In an aspect of the present disclosure, the proximal end portion of the rod is fused, e.g., welded, brazed, diffusion bonded, adhered, etc., to the proximal end mass.

In another aspect of the present disclosure, the distal end portion of the rod is received within a proximally-facing cavity defined within the horn.

In still another aspect of the present disclosure, an electrode assembly including at least one electrode contacting a surface of at least one piezoelectric element of the piezoelectric stack and at least one electrode contacting an opposed surface of the at least one piezoelectric element of the piezoelectric stack is provided.

In yet another aspect of the present disclosure, a distal end mass disposed between the piezoelectric stack and the horn. In such aspects, the piezoelectric stack is maintained in compression against the horn with the distal end mass disposed therebetween.

In still yet another aspect of the present disclosure, a casing at least partially encloses the horn, the piezoelectric stack, the proximal end mass, and the rod therein.

In another aspect of the present disclosure, the piezoelectric stack in maintained in compression against the horn at a pre-determined compression force or voltage or at a compression force or voltage within a pre-determined compression force or voltage range, respectively.
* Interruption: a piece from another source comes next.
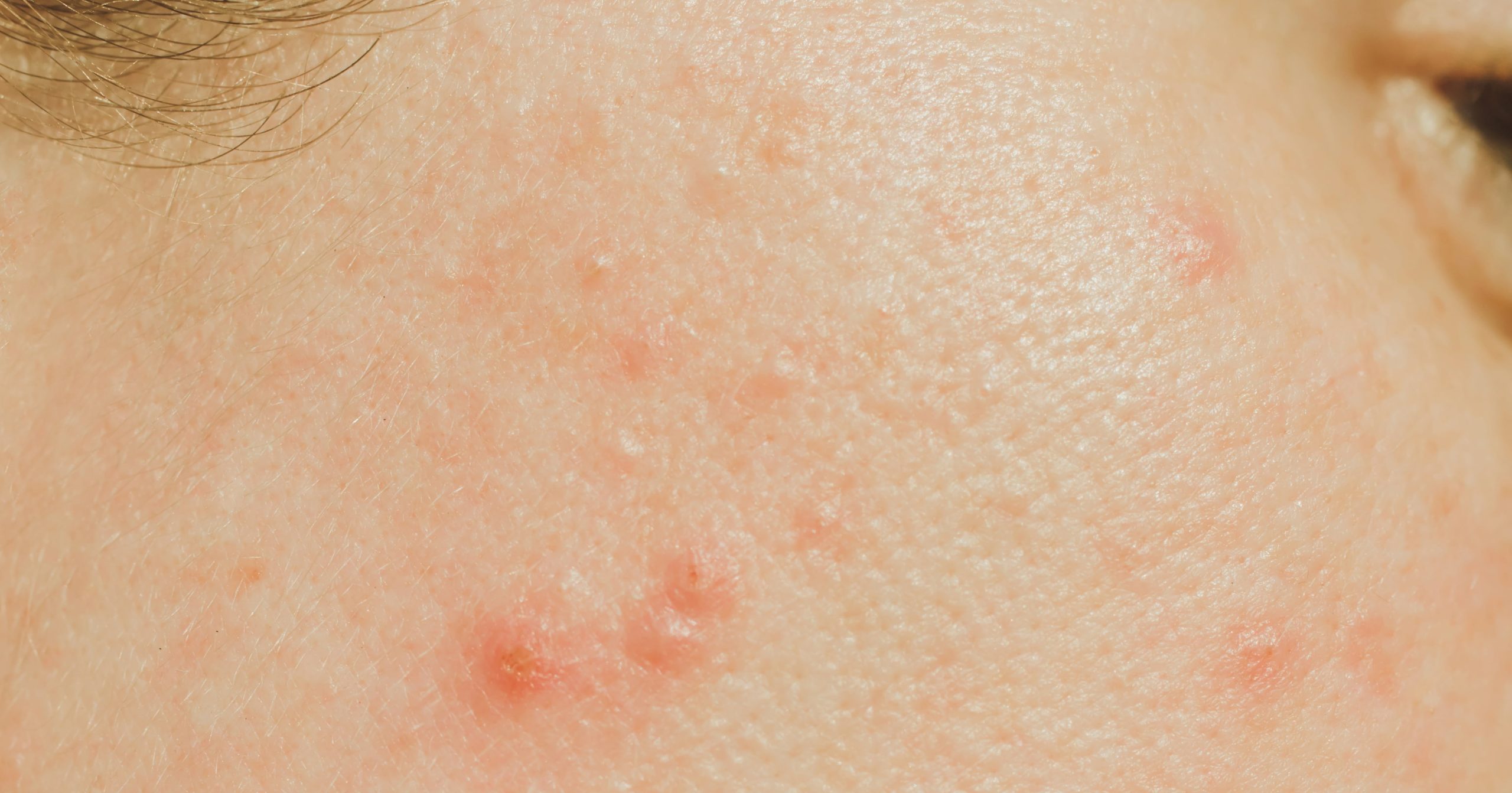 Severe Acne: A Breakdown of Types, Treatments, and More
To achieve this pre-determined compression force/voltage or compression force/voltage within a pre-determined compression force/voltage range, the piezoelectric stack may be compressed to achieve a pre-determined voltage by the piezoelectric stack or a voltage within a pre-determined voltage range, and thereafter secured in position. Alternatively, the piezoelectric stack may be compressed to a compression force or compression force within a compression force range (similar to or different from the pre-determined compression force/range) and thereafter secured in position.

A method of assembling an ultrasonic transducer assembly in accordance with aspects of the present disclosure includes arranging a piezoelectric stack, a horn, a proximal end mass, and a rod to form an assembly whereby a distal end portion of the rod is secured to the horn, the piezoelectric stack is disposed about the rod proximally of the horn, and the end mass is disposed about the rod proximally of the piezoelectric stack. The method further includes applying a longitudinal compressive force distally from the proximal end mass and/or proximally from the horn to compress the piezoelectric stack between the proximal end mass and the horn. The method further includes securing a proximal end portion of the rod to the proximal end mass to maintain the piezoelectric stack under compression.

In an aspect of the present disclosure, securing the proximal end portion of the rod to the proximal end mass includes fusing, e.g., welding, the proximal end portion of the rod to the proximal end mass in at least one location.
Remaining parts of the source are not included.